Torna la fame di case e torna soprattutto in collina, dove i proprietari di terreni chiedono di poter edificare. «Vogliamo costruire una casa per i nostri figli», è la richiesta degli abitanti di Meano. Il sindaco Andreatta annuncia una nuova variante al piano regolatore
TRENTO. Torna la fame di case e torna soprattutto in collina, dove i proprietari di terreni chiedono di poter edificare. «Vogliamo costruire una casa per i nostri figli», è la richiesta degli abitanti di Meano. Le domande si accumulano in Comune e il sindaco Andreatta annuncia per il prossimo anno una nuova variante al piano regolatore, cinque anni dopo la battaglia del 2006.
È un annuncio a sorpresa, perché di una nuova variante nessuno ha mai parlato nell’ultimo anno. A dare la notizia è stato l’assessore l’assessore all’urbanistica Paolo Biasioli, una decina di giorni fa a Meano. In consiglio si stava discutendo un’interrogazione della Lega che chiedeva di frenare le case Itea e realizzare invece alloggi a canone moderato per i giovani della circoscrizione. Dibattito da cui è scaturita una polemica sull’edilizia privata: «Perché l’Itea può costruire e noi no?».
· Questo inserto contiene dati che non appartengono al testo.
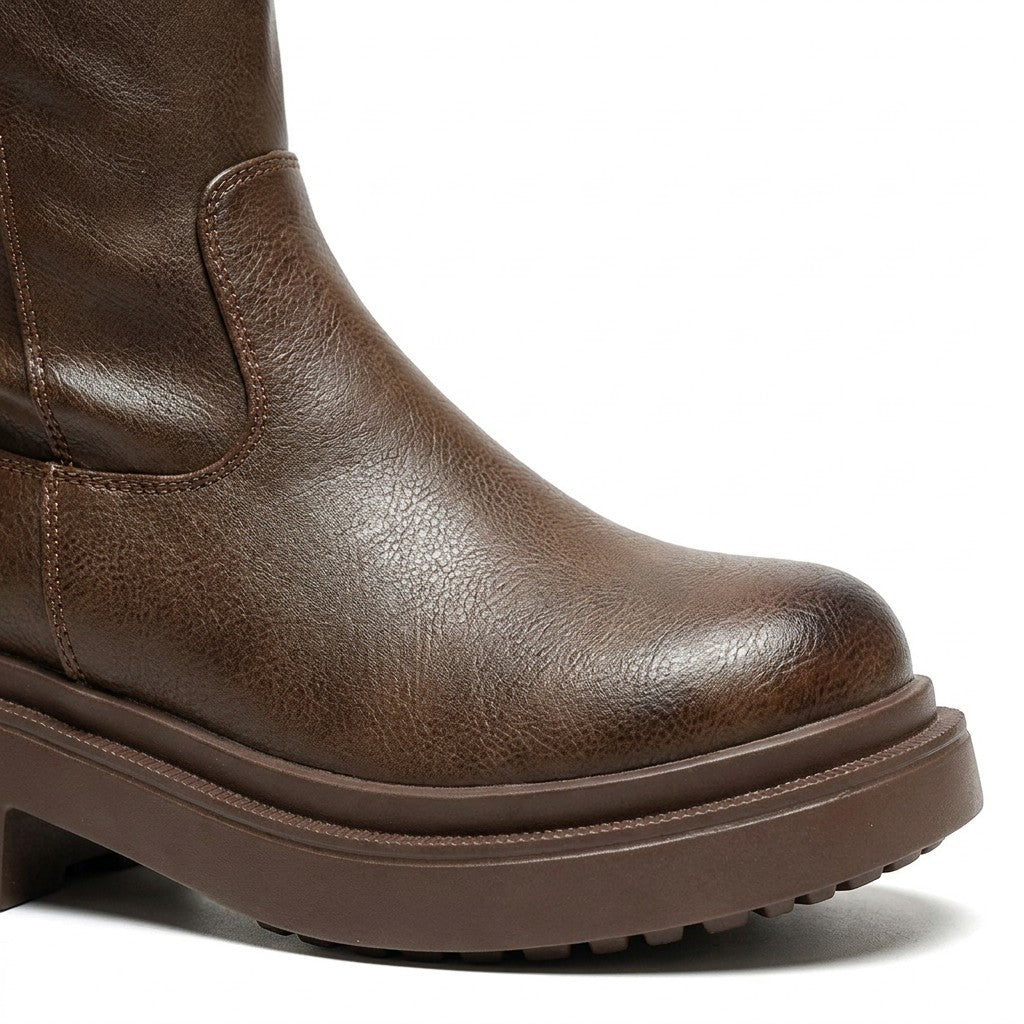 Close-up of the Mirabel burnished brown toe, ankle overlay stitching and layered platform sole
Meano non dimentica la battaglia dell’ultima variante al piano regolatore, quando su un centinaio di richieste di edificazione, ne furono accolte soltanto tre. Particolarmente arrabbiati i residenti di Vigo Meano, che hanno incalzato Biasioli: «Siamo delusi, non abbiamo la possibilità di costruire una casa per i nostri figli, che sono costretti a cambiare paese. Vigo Meano sta diventando un sobborgo vecchio, i giovani se ne vanno e il tessuto sociale si sta disgregando».
Immediata la risposta dell’assessore: «Capisco il problema e lo condivido. Spesso capita però che un privato chieda di rendere edificabile un terreno per costruire una casa ai figli e poi su quel terreno vengano realizzati appartamenti e palazzine. Con l’ultima variante si è voluto evitare un aumento spropositato di edifici in collina». «Nel 2012 - ha aggiunto Biasioli - vorrei fare una variante al piano regolatore in cui si possa ragionare anche di questo». «Ma per ora - ha messo le mani avanti il vicesindaco - non posso fare promesse».
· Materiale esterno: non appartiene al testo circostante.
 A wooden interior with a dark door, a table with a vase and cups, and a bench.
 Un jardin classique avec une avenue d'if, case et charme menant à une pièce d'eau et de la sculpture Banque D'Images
Il timore, che gli uffici comunali non nascondono, è che si possano creare nuove aspettative nei cittadini. Nei tanti delusi dell’ultima variante, il cui iter partito nel 2004 si è concluso solo quattro anni dopo con l’approvazione definitiva da parte della Provincia: un migliaio le richieste di edificazione, ne furono accolte circa 300, di cui metà in modo parziale.
Per oltre due anni, a cavallo di due legislature, la commissione urbanistica del Comune passò in rassegna le centinaia di domande e poi, una ad una, le 976 osservazioni arrivate dopo la prima adozione. L’esigenza di dare risposta al maggior numero di cittadini, soprattutto a ridosso della campagna elettorale del 2005, si scontrò con i criteri (urbanistici, ambientali e di presenza dei servizi) che la commissione si era data per vagliare le richieste. Andreatta, allora assessore all’urbanistica, rivendicò di aver detto tanti no. Ma in aula il giudizio dell’allora presidente della commissione Marco Dalla Fior fu drastico: parlò di «cedimenti nella seconda adozione», di «una pianificazione a volte casuale, frammentaria, sotto la pioggia di osservazioni dei privati». E severo fu anche il verdetto dei tecnici provinciali, che bocciarono una trentina di mini-aree considerate critiche sotto il profilo paesaggistico e urbanistico, dove erano state autorizzate piccole volumetrie. Quasi tutte «ripescate», sette mesi dopo, dalla giunta provinciale.